You might have better luck posting this in the Southwest Regional Area...
http://www.nissanforums.com/forumdisplay.php?f=48


----------



## AZ_TURBOSE (Oct 22, 2002)

jx3 said:


> Hey people is there any other az drivers in here? My old car club used to put on the show on Gilbert and Baseline last summer and my new club is starting one soon so if your interested in comming out let me know? Just post your info; name, car, and area of valley (for directions) and a way to get a hold of you.
> THANKS


I am in AZ. I dont do the club thing sorry, but if you need a shop sponsor for your club we might be able to help you out.


----------



## blueB-15 (Aug 18, 2005)

jx3 said:


> Hey people is there any other az drivers in here? My old car club used to put on the show on Gilbert and Baseline last summer and my new club is starting one soon so if your interested in comming out let me know? Just post your info; name, car, and area of valley (for directions) and a way to get a hold of you.
> THANKS


whats happenin everybody. My name is brandon and im rollin out here in glendale. My car is a 2001 SE 5spd. Im down for a drive out that way! :thumbup: if you need to get a hold of me, just post a reply. Im checkin' in pretty much on a daily basis. Let me know whats up bro. Late.
Brandon.


----------



## jx3 (Aug 8, 2005)

blueB-15 said:


> whats happenin everybody. My name is brandon and im rollin out here in glendale. My car is a 2001 SE 5spd. Im down for a drive out that way! :thumbup: if you need to get a hold of me, just post a reply. Im checkin' in pretty much on a daily basis. Let me know whats up bro. Late.
> Brandon.


whats up Brandon? My name's Jared I drive an 02' spec-v and man we'd love for you to come out.
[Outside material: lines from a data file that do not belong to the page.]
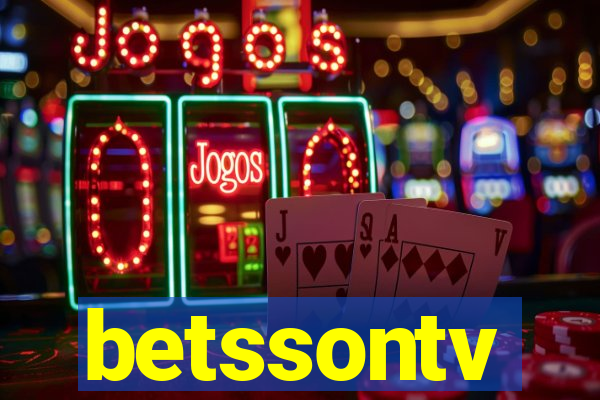 betssontv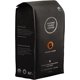 thumbnail image 1 of Café Kicking Horse Grizzly Claw Tostado Oscuro 6 kg, 1 of 6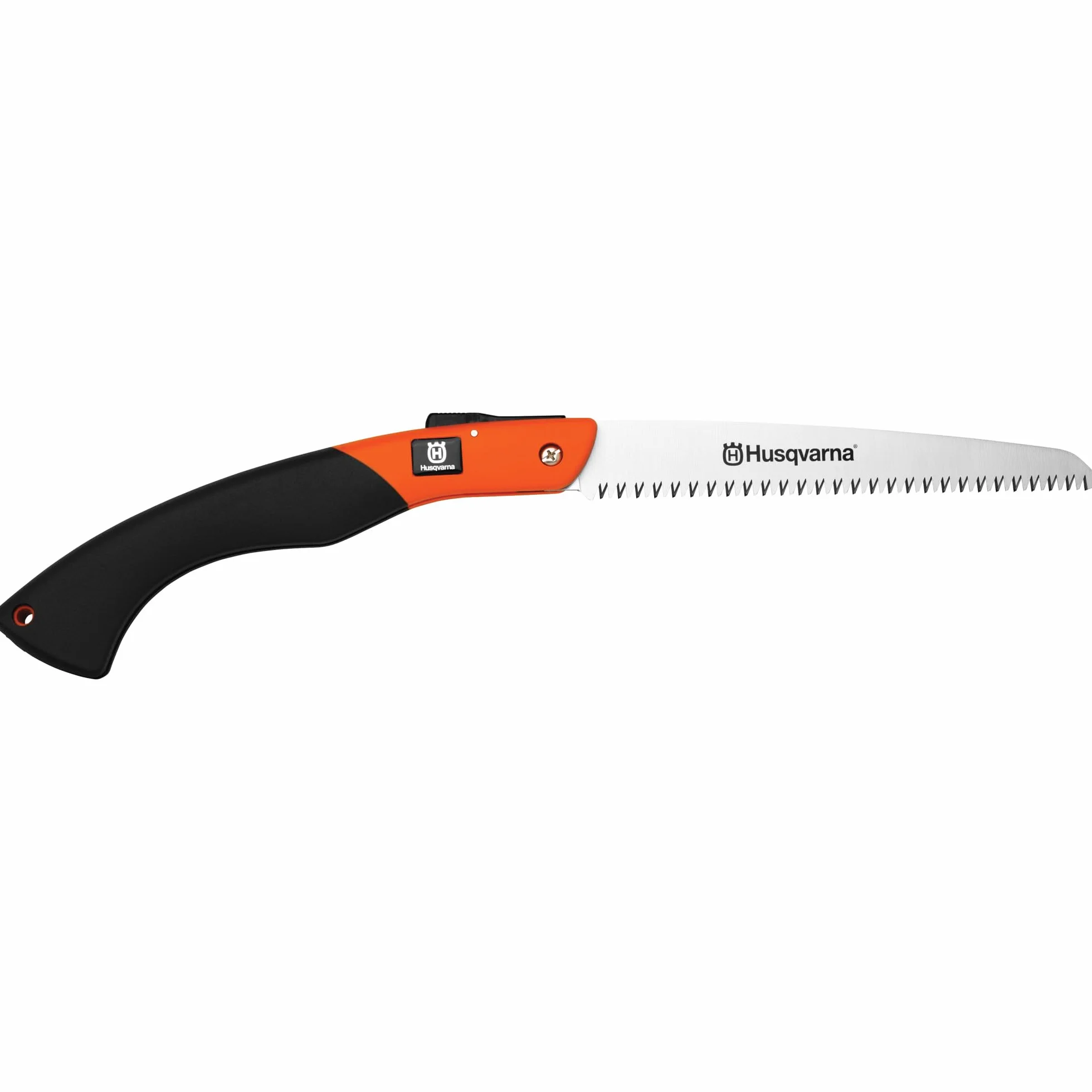 Sierra plegable para el cuidado de árboles (220 mm)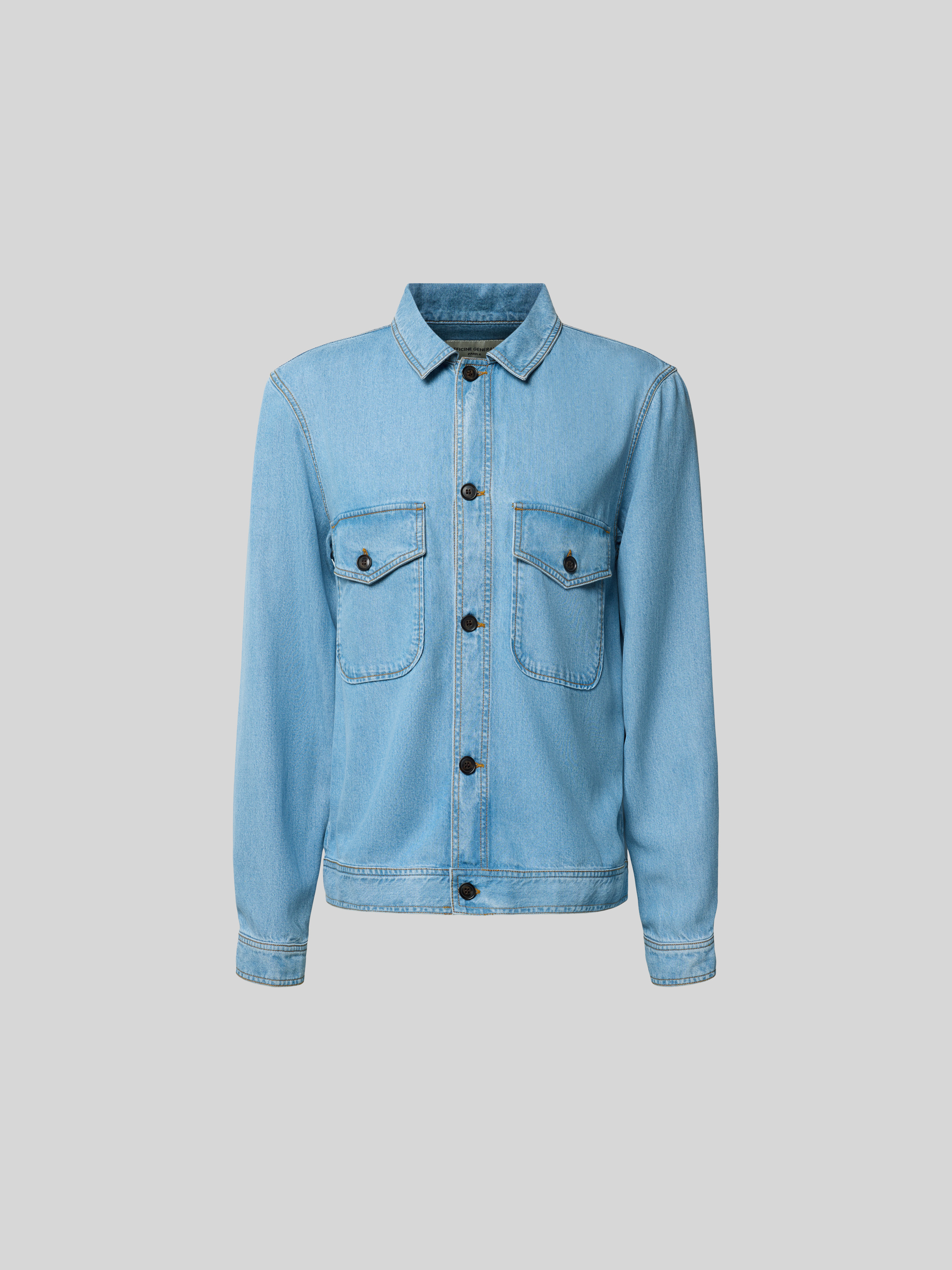 Trueprodigy WeiÃƒÂŸe Herren Winterjacke Trueprodigy Winterjacke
It is going to be quite the drive I'm afriad, we are planning on having the show on Lindsay and Main in the K-mart parking lot (way east mesa) I have a meeting wed, with the store manager to discuss code of conduct insurance liabilty basically all the legal stuff, hit me up though we do a team cruz once a week and would love it if you could be a part of that. just send me a private messag with you number and I'll hit you up.
Jared


----------



## jx3 (Aug 8, 2005)

well we have our team decal up and running, unfortunately my car is down right now, a rod in my gear linkage snapped so its gonna cost a sweet $300.00 to fix.


----------